What comes to mind when you talk about safe investments with maximum returns? What is the best form of investment to meet long term goals? What is the secret to beating inflation? Which form of investment gives you the advantage of both equity and debt? The answer is common for all these questions-- Mutual Funds.
As we keep reiterating in Value Research, it is important to choose the right fund based on your needs. The next step is to look at a fund's performance. While choosing funds it is important to look at some of the criteria like alpha generation, historic performance of the fund and VR fund ratings. It is also important to look at the fund manager's performance over the years as he will do the required research, calculations and investments on your behalf.

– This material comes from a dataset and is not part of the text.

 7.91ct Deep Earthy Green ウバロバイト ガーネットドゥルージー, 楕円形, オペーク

Looking at the alpha generation of a fund is a vital part of investing. This factor is in turn entwined with the benchmark. Alpha generation is outperformance of a fund in respect to its benchmark, while a parameter against which you compare the performance of a fund is the benchmark.

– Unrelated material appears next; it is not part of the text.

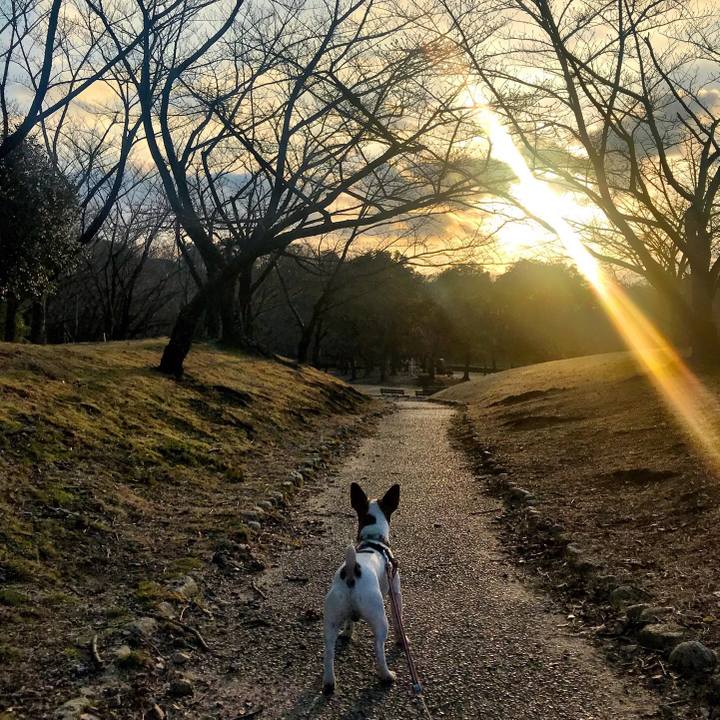 Fc12e06b 26fc 4e08 9c33 f629796c7aca 1520164614692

Funds change their benchmark for several reasons. They include-- when fund objectives change, in case of mergers of two or more funds and when the portfolio starts inclining towards certain kinds of stocks.
Fund managers told Value Research that a change in benchmark happens due to the following reasons. Firstly, a fund can fundamentally change and this results in changing its benchmark as well. For example, if a PSU equity fund becomes a mid-cap fund, then it will have to benchmark itself against a mid-cap index rather than a PSU index. Sometimes, two funds are merged and a merger can necessitate a benchmark change.

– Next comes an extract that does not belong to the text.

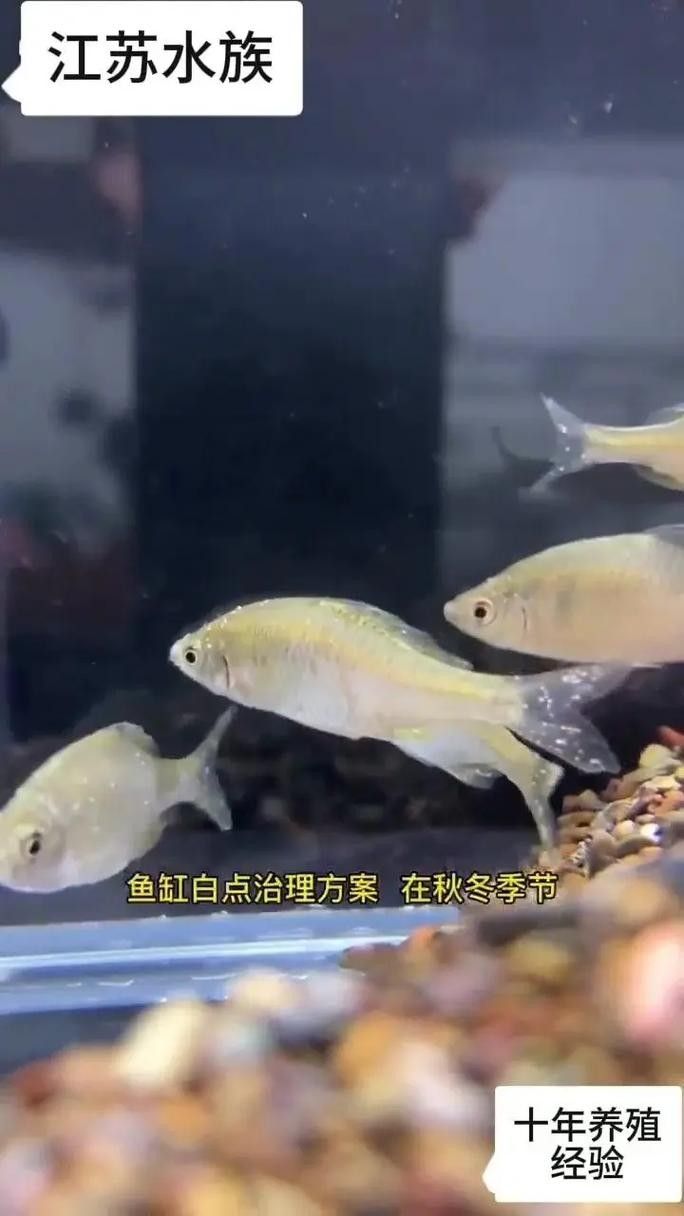 銀龍魚身上起白泡怎么辦圖片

Secondly, a fund manager may feel that the existing benchmark does not accurately reflect the fund's mandate. For example, a dividend yield fund matches better with a dividend yield index, rather than have a large-cap index as its benchmark.
Benchmarks are not changed everyday. It is usually changed after a gap of four to five years. All these informations are regularly updated in our Fund News section. Here are some changes that have taken place in the recent past.
With effect from January 19, 2016, BOI AXA Manufacturing & Infrastructure Fund adopted a combination of S&P BSE India Infrastructure Index (50%) and S&P BSE India Manufacturing Index (50%) as its new benchmark, replacing the Nifty Infrastructure Index that was its benchmark for about four years.
With effect from June 17, 2016, SBI Magnum Midcap Fund got Nifty Mid Small Cap 400 as its new benchmark replacing the S&P BSE Mid Cap Index.
From 11th November 2016, Nifty 50 Index became the benchmark of HSBC Equity Fund, ending the 14 year regime of previous benchmark S&P BSE 200 Index. In contrast, the HSBC India Opportunities Fund started using the S&P BSE 200 Index as the new benchmark, replacing the S&P BSE 500 Index.
Similarly, UTI Opportunities Fund started using S&P BSE 200 Index as the benchmark from 13th February 2017 and stopped using the S&P BSE 100 Index which had been the benchmark for over a decade.
Franklin India Technology Fund from May 2017 started using S&P BSE Teck Index as the benchmark, replacing the S&P BSE IT Index which was the target index for about 19 years. The S&P BSE 200 Index replaced S&P BSE 100 Index as the benchmark for UTI Long Term Equity Fund after close to two decades.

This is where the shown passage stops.